__Exercise prompt__: Keep the images out and copy every entry below exactly.
---------- Input material ----------
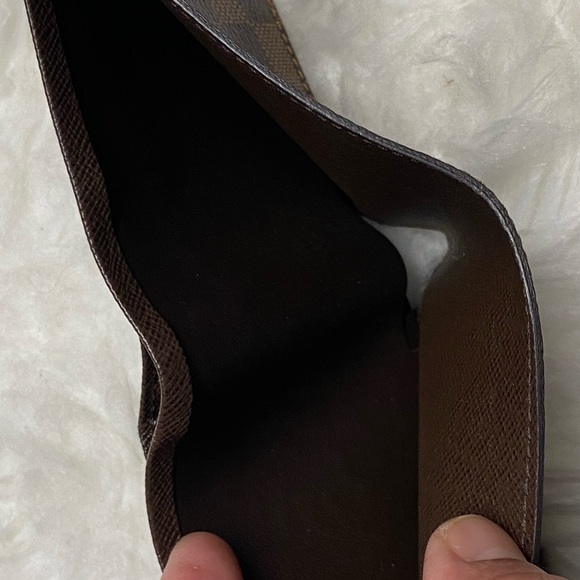 💕💕💕SOLD💕💕💕

🤩🤩🤩LV MENS BIFOLD WALLET DE🤩🤩🤩 - Picture 13 of 15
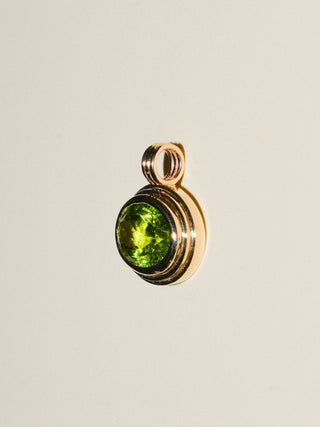 Salp Peridot Triple East to West Oval Cut Charm in Yellow 14k Gold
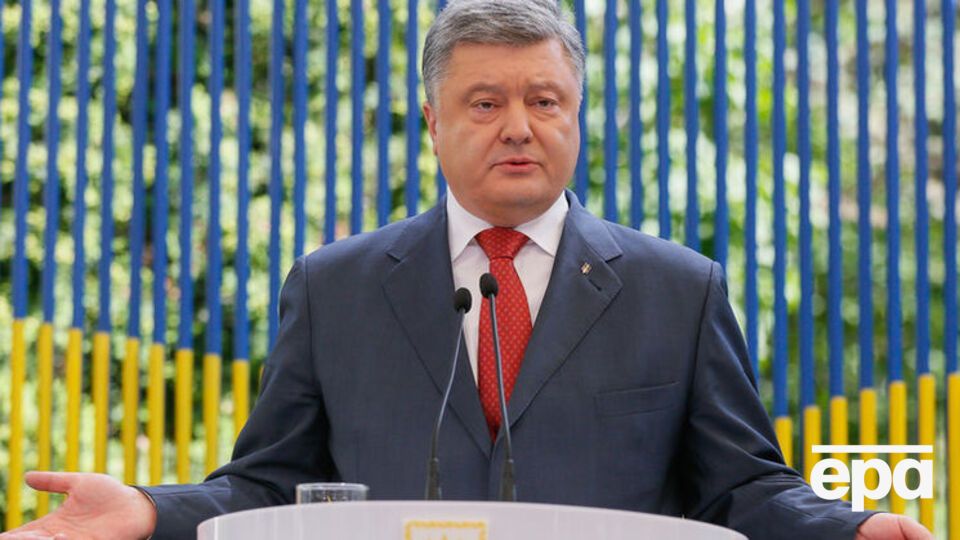 Порошенко вважає, що робити висновки про Євромайдан ще рано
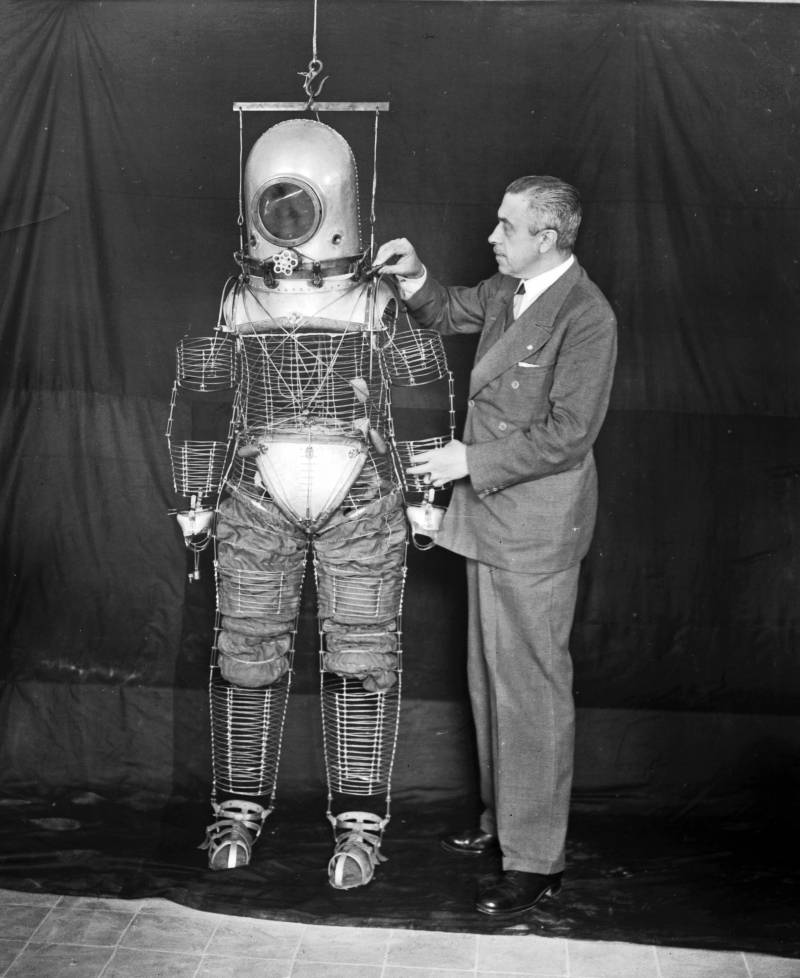 Fotografía tomada en mayo de 1935 en Madrid del ingeniero militar Emilio Herrera con su escafandra. /EFE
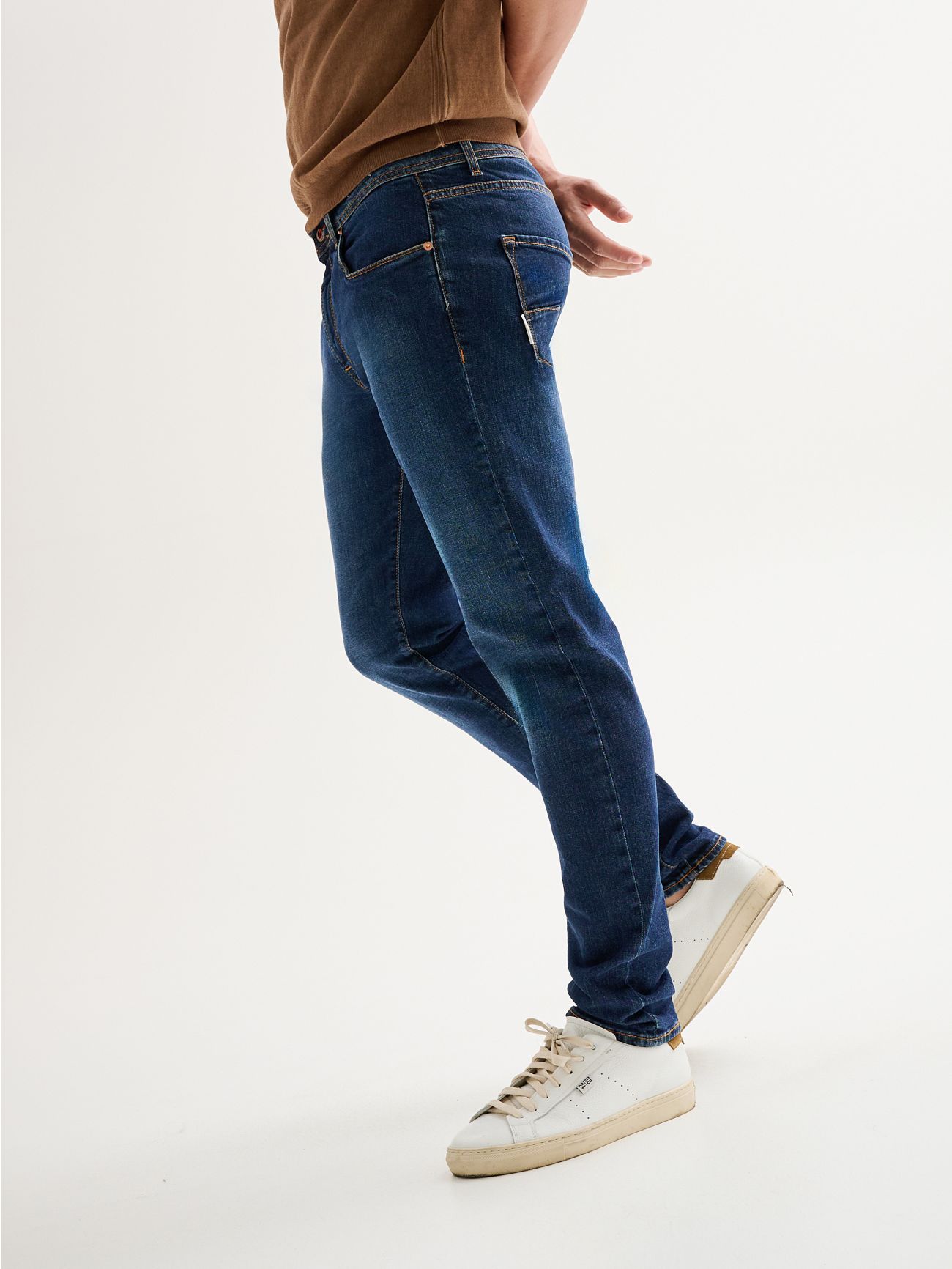 Vaqueros slim-fit; colección QB24 for men in_i7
----------
__Problem solution__:
 💕💕💕SOLD💕💕💕

🤩🤩🤩LV MENS BIFOLD WALLET DE🤩🤩🤩 - Picture 13 of 15
 Salp Peridot Triple East to West Oval Cut Charm in Yellow 14k Gold
 Порошенко вважає, що робити висновки про Євромайдан ще рано
 Fotografía tomada en mayo de 1935 en Madrid del ingeniero militar Emilio Herrera con su escafandra. /EFE
 Vaqueros slim-fit; colección QB24 for men in_i7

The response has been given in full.